(Source data)

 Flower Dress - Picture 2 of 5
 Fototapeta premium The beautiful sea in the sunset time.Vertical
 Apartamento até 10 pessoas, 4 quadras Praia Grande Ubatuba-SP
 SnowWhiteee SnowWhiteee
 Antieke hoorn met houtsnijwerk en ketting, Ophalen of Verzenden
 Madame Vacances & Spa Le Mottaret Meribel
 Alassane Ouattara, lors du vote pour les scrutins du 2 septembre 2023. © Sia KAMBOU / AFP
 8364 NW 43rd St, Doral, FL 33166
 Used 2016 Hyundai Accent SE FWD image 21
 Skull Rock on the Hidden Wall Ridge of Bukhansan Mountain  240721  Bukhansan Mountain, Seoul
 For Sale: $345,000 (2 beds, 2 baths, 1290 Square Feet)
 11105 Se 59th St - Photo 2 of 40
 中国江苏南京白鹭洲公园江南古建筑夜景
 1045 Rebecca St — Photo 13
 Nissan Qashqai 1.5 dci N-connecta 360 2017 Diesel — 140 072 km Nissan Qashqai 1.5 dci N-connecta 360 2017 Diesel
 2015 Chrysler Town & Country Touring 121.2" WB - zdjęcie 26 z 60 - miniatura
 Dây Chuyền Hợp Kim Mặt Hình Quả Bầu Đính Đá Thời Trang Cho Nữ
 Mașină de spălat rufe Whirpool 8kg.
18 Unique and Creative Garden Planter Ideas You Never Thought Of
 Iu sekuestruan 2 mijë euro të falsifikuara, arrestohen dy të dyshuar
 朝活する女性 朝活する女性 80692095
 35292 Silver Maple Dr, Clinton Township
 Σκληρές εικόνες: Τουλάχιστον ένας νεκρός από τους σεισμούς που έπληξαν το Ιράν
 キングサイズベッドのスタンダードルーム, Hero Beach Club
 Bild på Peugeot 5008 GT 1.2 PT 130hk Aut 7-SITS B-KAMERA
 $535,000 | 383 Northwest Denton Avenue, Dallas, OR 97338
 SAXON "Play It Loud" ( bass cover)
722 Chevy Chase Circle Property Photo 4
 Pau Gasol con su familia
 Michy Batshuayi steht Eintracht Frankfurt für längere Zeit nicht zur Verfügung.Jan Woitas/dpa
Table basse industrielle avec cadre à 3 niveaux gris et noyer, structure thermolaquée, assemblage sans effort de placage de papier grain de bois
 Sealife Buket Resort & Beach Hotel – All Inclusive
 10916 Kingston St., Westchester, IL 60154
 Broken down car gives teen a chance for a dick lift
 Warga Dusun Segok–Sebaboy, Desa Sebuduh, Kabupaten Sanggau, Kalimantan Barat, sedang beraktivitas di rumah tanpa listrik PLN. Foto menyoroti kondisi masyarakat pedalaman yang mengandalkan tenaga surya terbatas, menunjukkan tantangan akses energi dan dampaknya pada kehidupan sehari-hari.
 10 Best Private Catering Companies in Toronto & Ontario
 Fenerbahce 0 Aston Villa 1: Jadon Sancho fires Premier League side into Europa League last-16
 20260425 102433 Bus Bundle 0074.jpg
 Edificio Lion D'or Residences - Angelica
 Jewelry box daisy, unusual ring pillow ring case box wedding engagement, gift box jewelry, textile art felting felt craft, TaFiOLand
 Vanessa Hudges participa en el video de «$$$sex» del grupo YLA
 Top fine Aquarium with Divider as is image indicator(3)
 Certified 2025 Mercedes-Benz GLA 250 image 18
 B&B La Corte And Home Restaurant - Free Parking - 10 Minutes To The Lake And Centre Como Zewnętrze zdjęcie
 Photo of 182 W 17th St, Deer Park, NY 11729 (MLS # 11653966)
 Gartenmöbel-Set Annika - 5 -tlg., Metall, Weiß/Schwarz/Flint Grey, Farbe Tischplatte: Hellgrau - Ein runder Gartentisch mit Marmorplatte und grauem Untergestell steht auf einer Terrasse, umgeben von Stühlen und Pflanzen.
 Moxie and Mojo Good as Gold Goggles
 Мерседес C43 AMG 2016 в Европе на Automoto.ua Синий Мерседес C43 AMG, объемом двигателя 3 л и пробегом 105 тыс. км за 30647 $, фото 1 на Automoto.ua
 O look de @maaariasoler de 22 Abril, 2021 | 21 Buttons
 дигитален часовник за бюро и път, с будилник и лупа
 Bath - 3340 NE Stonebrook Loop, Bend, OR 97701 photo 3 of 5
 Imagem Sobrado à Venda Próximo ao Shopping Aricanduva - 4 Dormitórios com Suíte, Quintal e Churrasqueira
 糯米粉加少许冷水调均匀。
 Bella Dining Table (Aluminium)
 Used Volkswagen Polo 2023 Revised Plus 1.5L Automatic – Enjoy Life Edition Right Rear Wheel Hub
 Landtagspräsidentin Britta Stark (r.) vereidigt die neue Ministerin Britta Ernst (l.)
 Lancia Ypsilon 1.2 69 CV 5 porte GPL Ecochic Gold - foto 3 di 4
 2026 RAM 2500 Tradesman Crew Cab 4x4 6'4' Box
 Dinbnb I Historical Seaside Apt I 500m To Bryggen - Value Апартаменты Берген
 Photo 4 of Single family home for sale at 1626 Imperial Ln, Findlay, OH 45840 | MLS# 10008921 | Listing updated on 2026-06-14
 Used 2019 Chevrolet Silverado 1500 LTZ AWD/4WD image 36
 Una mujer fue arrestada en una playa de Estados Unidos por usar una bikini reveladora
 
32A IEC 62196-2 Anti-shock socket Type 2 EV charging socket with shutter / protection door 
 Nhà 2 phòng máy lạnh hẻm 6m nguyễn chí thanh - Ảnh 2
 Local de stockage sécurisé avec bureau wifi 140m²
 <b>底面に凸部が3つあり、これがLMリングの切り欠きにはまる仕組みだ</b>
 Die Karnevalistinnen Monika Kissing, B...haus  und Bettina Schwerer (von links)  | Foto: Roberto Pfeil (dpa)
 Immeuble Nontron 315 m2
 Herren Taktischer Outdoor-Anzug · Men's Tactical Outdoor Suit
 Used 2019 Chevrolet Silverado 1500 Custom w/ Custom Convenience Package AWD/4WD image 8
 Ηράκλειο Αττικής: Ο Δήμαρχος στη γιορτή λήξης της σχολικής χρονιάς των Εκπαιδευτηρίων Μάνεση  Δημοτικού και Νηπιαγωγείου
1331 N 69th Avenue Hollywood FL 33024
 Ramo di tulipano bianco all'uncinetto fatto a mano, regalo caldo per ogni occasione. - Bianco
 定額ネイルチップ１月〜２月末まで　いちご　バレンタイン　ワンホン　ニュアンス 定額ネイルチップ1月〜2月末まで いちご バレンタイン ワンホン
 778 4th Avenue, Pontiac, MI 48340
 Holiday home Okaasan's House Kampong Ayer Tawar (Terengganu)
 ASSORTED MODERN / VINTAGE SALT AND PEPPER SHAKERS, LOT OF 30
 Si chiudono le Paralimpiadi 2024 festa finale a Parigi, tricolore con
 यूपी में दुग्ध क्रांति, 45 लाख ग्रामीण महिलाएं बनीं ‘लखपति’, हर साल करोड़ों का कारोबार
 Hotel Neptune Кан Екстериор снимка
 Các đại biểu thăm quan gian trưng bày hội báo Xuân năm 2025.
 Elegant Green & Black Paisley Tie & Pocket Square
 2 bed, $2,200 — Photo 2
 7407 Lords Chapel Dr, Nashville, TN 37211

Task brief:
Each entry above needs to be duplicated verbatim.

Expected answer:
 Flower Dress - Picture 2 of 5
 Fototapeta premium The beautiful sea in the sunset time.Vertical
 Apartamento até 10 pessoas, 4 quadras Praia Grande Ubatuba-SP
 SnowWhiteee SnowWhiteee
 Antieke hoorn met houtsnijwerk en ketting, Ophalen of Verzenden
 Madame Vacances & Spa Le Mottaret Meribel
 Alassane Ouattara, lors du vote pour les scrutins du 2 septembre 2023. © Sia KAMBOU / AFP
 8364 NW 43rd St, Doral, FL 33166
 Used 2016 Hyundai Accent SE FWD image 21
 Skull Rock on the Hidden Wall Ridge of Bukhansan Mountain  240721  Bukhansan Mountain, Seoul
 For Sale: $345,000 (2 beds, 2 baths, 1290 Square Feet)
 11105 Se 59th St - Photo 2 of 40
 中国江苏南京白鹭洲公园江南古建筑夜景
 1045 Rebecca St — Photo 13
 Nissan Qashqai 1.5 dci N-connecta 360 2017 Diesel — 140 072 km Nissan Qashqai 1.5 dci N-connecta 360 2017 Diesel
 2015 Chrysler Town & Country Touring 121.2" WB - zdjęcie 26 z 60 - miniatura
 Dây Chuyền Hợp Kim Mặt Hình Quả Bầu Đính Đá Thời Trang Cho Nữ
 Mașină de spălat rufe Whirpool 8kg.
18 Unique and Creative Garden Planter Ideas You Never Thought Of
 Iu sekuestruan 2 mijë euro të falsifikuara, arrestohen dy të dyshuar
 朝活する女性 朝活する女性 80692095
 35292 Silver Maple Dr, Clinton Township
 Σκληρές εικόνες: Τουλάχιστον ένας νεκρός από τους σεισμούς που έπληξαν το Ιράν
 キングサイズベッドのスタンダードルーム, Hero Beach Club
 Bild på Peugeot 5008 GT 1.2 PT 130hk Aut 7-SITS B-KAMERA
 $535,000 | 383 Northwest Denton Avenue, Dallas, OR 97338
 SAXON "Play It Loud" ( bass cover)
722 Chevy Chase Circle Property Photo 4
 Pau Gasol con su familia
 Michy Batshuayi steht Eintracht Frankfurt für längere Zeit nicht zur Verfügung.Jan Woitas/dpa
Table basse industrielle avec cadre à 3 niveaux gris et noyer, structure thermolaquée, assemblage sans effort de placage de papier grain de bois
 Sealife Buket Resort & Beach Hotel – All Inclusive
 10916 Kingston St., Westchester, IL 60154
 Broken down car gives teen a chance for a dick lift
 Warga Dusun Segok–Sebaboy, Desa Sebuduh, Kabupaten Sanggau, Kalimantan Barat, sedang beraktivitas di rumah tanpa listrik PLN. Foto menyoroti kondisi masyarakat pedalaman yang mengandalkan tenaga surya terbatas, menunjukkan tantangan akses energi dan dampaknya pada kehidupan sehari-hari.
 10 Best Private Catering Companies in Toronto & Ontario
 Fenerbahce 0 Aston Villa 1: Jadon Sancho fires Premier League side into Europa League last-16
 20260425 102433 Bus Bundle 0074.jpg
 Edificio Lion D'or Residences - Angelica
 Jewelry box daisy, unusual ring pillow ring case box wedding engagement, gift box jewelry, textile art felting felt craft, TaFiOLand
 Vanessa Hudges participa en el video de «$$$sex» del grupo YLA
 Top fine Aquarium with Divider as is image indicator(3)
 Certified 2025 Mercedes-Benz GLA 250 image 18
 B&B La Corte And Home Restaurant - Free Parking - 10 Minutes To The Lake And Centre Como Zewnętrze zdjęcie
 Photo of 182 W 17th St, Deer Park, NY 11729 (MLS # 11653966)
 Gartenmöbel-Set Annika - 5 -tlg., Metall, Weiß/Schwarz/Flint Grey, Farbe Tischplatte: Hellgrau - Ein runder Gartentisch mit Marmorplatte und grauem Untergestell steht auf einer Terrasse, umgeben von Stühlen und Pflanzen.
 Moxie and Mojo Good as Gold Goggles
 Мерседес C43 AMG 2016 в Европе на Automoto.ua Синий Мерседес C43 AMG, объемом двигателя 3 л и пробегом 105 тыс. км за 30647 $, фото 1 на Automoto.ua
 O look de @maaariasoler de 22 Abril, 2021 | 21 Buttons
 дигитален часовник за бюро и път, с будилник и лупа
 Bath - 3340 NE Stonebrook Loop, Bend, OR 97701 photo 3 of 5
 Imagem Sobrado à Venda Próximo ao Shopping Aricanduva - 4 Dormitórios com Suíte, Quintal e Churrasqueira
 糯米粉加少许冷水调均匀。
 Bella Dining Table (Aluminium)
 Used Volkswagen Polo 2023 Revised Plus 1.5L Automatic – Enjoy Life Edition Right Rear Wheel Hub
 Landtagspräsidentin Britta Stark (r.) vereidigt die neue Ministerin Britta Ernst (l.)
 Lancia Ypsilon 1.2 69 CV 5 porte GPL Ecochic Gold - foto 3 di 4
 2026 RAM 2500 Tradesman Crew Cab 4x4 6'4' Box
 Dinbnb I Historical Seaside Apt I 500m To Bryggen - Value Апартаменты Берген
 Photo 4 of Single family home for sale at 1626 Imperial Ln, Findlay, OH 45840 | MLS# 10008921 | Listing updated on 2026-06-14
 Used 2019 Chevrolet Silverado 1500 LTZ AWD/4WD image 36
 Una mujer fue arrestada en una playa de Estados Unidos por usar una bikini reveladora
 
32A IEC 62196-2 Anti-shock socket Type 2 EV charging socket with shutter / protection door 
 Nhà 2 phòng máy lạnh hẻm 6m nguyễn chí thanh - Ảnh 2
 Local de stockage sécurisé avec bureau wifi 140m²
 <b>底面に凸部が3つあり、これがLMリングの切り欠きにはまる仕組みだ</b>
 Die Karnevalistinnen Monika Kissing, B...haus  und Bettina Schwerer (von links)  | Foto: Roberto Pfeil (dpa)
 Immeuble Nontron 315 m2
 Herren Taktischer Outdoor-Anzug · Men's Tactical Outdoor Suit
 Used 2019 Chevrolet Silverado 1500 Custom w/ Custom Convenience Package AWD/4WD image 8
 Ηράκλειο Αττικής: Ο Δήμαρχος στη γιορτή λήξης της σχολικής χρονιάς των Εκπαιδευτηρίων Μάνεση  Δημοτικού και Νηπιαγωγείου
1331 N 69th Avenue Hollywood FL 33024
 Ramo di tulipano bianco all'uncinetto fatto a mano, regalo caldo per ogni occasione. - Bianco
 定額ネイルチップ１月〜２月末まで　いちご　バレンタイン　ワンホン　ニュアンス 定額ネイルチップ1月〜2月末まで いちご バレンタイン ワンホン
 778 4th Avenue, Pontiac, MI 48340
 Holiday home Okaasan's House Kampong Ayer Tawar (Terengganu)
 ASSORTED MODERN / VINTAGE SALT AND PEPPER SHAKERS, LOT OF 30
 Si chiudono le Paralimpiadi 2024 festa finale a Parigi, tricolore con
 यूपी में दुग्ध क्रांति, 45 लाख ग्रामीण महिलाएं बनीं ‘लखपति’, हर साल करोड़ों का कारोबार
 Hotel Neptune Кан Екстериор снимка
 Các đại biểu thăm quan gian trưng bày hội báo Xuân năm 2025.
 Elegant Green & Black Paisley Tie & Pocket Square
 2 bed, $2,200 — Photo 2
 7407 Lords Chapel Dr, Nashville, TN 37211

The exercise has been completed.